I'd suspect that was part of the case.  When I was in school, the Remembrance Day ceremonies always had a part where they emphasized that the fallen were mostly young men.  Now, they don't need to be reminded of that.  

I think social media has a part to play as well in raising awareness.


----------



## McG (7 Nov 2017)

The Toronto Sun offers an opinion of the Prime Minister being one who will be skipping the Remembrance Day ceremonies.  

http://torontosun.com/opinion/columnists/1106-bonokoski

I hope/anticipate that the PM does find a way to appropriately mark the occasion at the appropriate local time.  But I can't disagree with the sentiment that 11 Nov is one of those days that the PM should be performing his public duty in Canada.


----------



## Loachman (7 Nov 2017)

The Remembrance Day Speaker Programme at schools may well be a large influence.
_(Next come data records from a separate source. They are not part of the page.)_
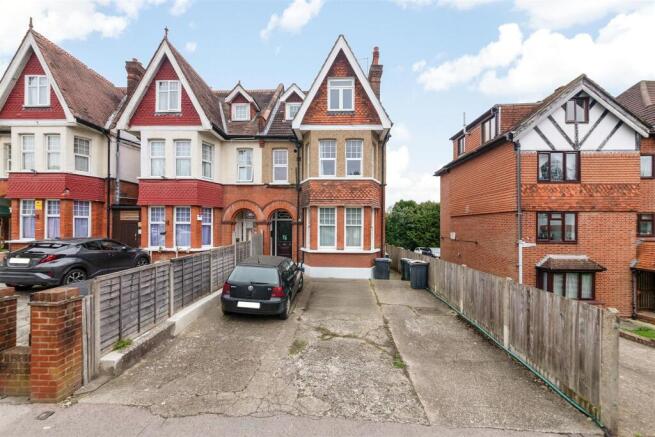 1-bed flat on St Augustine's Avenue, South Croydon, £250,000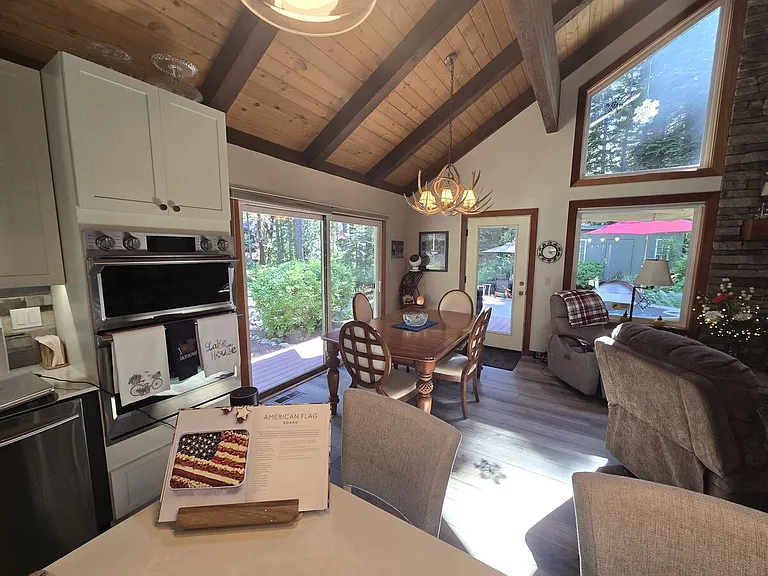 6453 McKinney Creek Rd — Photo 4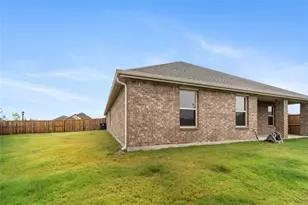 745 John Adams Ct, Fate, TX 75189 - Photo 5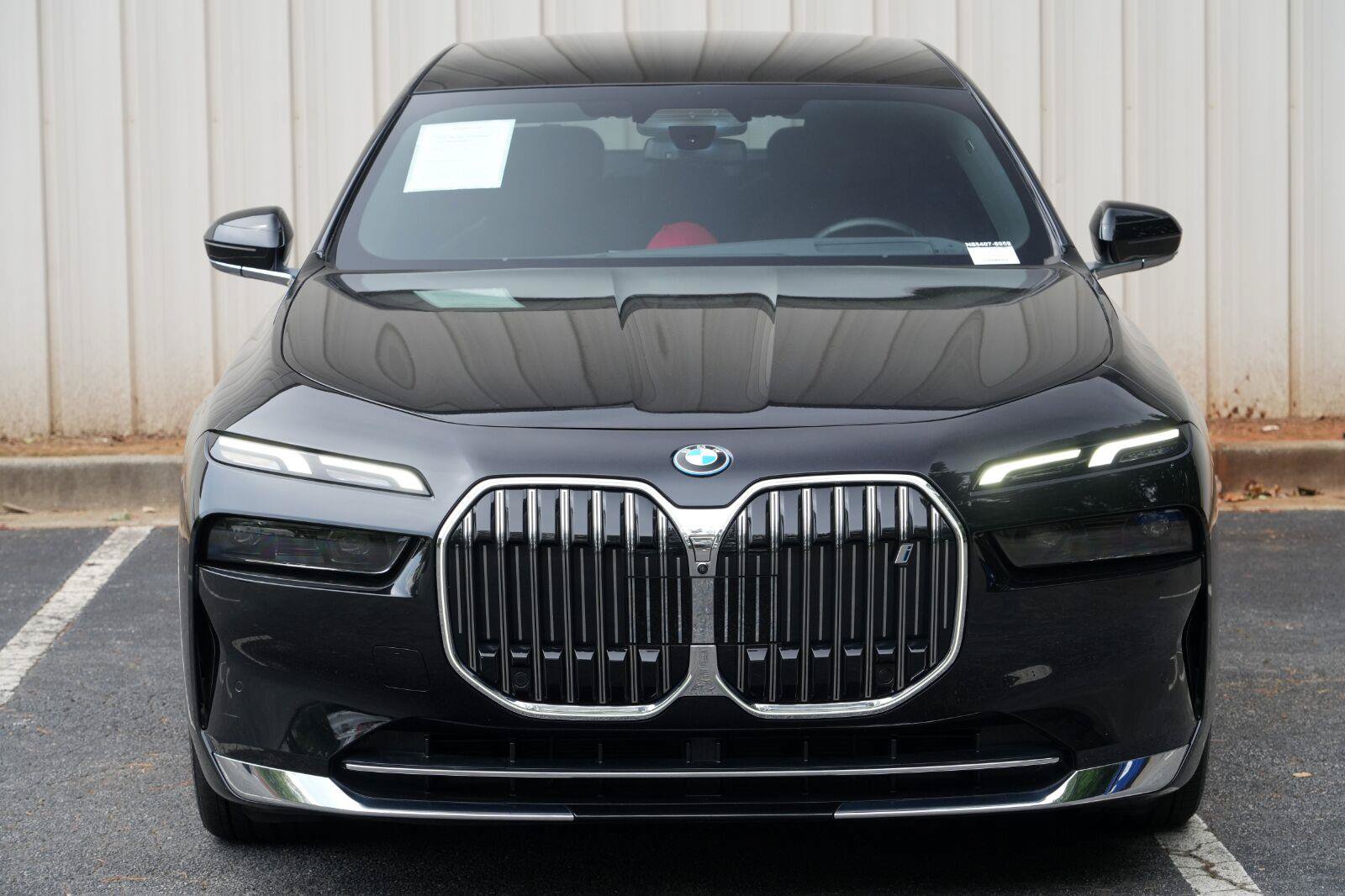 Used 2023 BMW i7 xDrive60 AWD/4WD image 54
I've been participating in that for many years. Many of the kids who've been beneficiaries of that are now out in the wild.

I'll be at my old high School's service on Thursday, and addressing the Grade Ten History Class on Friday.

I get more out of it than they do, though.


----------



## jollyjacktar (7 Nov 2017)

Not surprised he's ditching his responsibilities like this.  Must be some awesome selfie opportunities there.


----------



## mariomike (8 Nov 2017)

Dimsum said:
			
		

> When I was in school, the Remembrance Day ceremonies always had a part where they emphasized that the fallen were mostly young men.  Now, they don't need to be reminded of that.



When I was in school ( 1959-1972 ) most of our fathers had been in the war. On one side or the other. 

My 21 year old uncle was MIA/KIA over Occupied France, so through my father and grand-parents I remembered.

Toronto back then had a much smaller population than it does now, and the 6,160 Torontonians killed in the World Wars and Korea were still remembered by many during my school years.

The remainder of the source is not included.